Ab und zu wird aber durchaus noch neu gepflastert, hier im Häuserblock sind bei den beiden Eckhäusern die Gehsteige gepflastert und das wird nach jeder Aufgrabung erneuert.

Geritzte Pflastersteine sind so ziemlich das ekelhafteste was es für Radfahrer gibt, von zentimeterdickem Rollsplitt einmal abgesehen. In der Langen Gasse gibt es neben dem Gleiskörper noch welche, dort bin ich letztens hinaufgerumpelt - fürchterlich!

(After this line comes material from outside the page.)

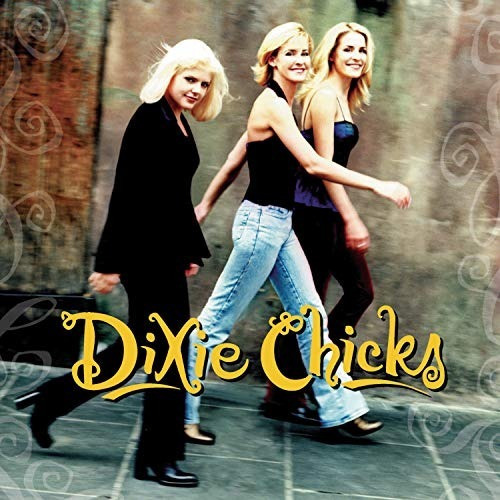 Dixie Chicks Wide Open Spaces Usa Import Cd Nuevo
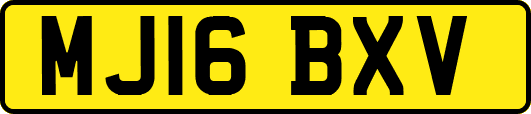 MJ16BXV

Das Kleinsteinpflaster in der Laudongasse ist dann die reinste Wohltat.

Zum im Artikel erwähnten Argument der Flächenversiegelung ist anzumerken, dass Pflaster ebenso als Totalversiegelung anzusehen ist, wenn - wie hier üblich - mit Beton verfugt wird, zumindest bei Gehsteigen.
"Sollte dies jedoch der Parteilinie entsprechen, werden wir uns selbstverständlich bemühen, in Zukunft kleiner und viereckiger zu werden!"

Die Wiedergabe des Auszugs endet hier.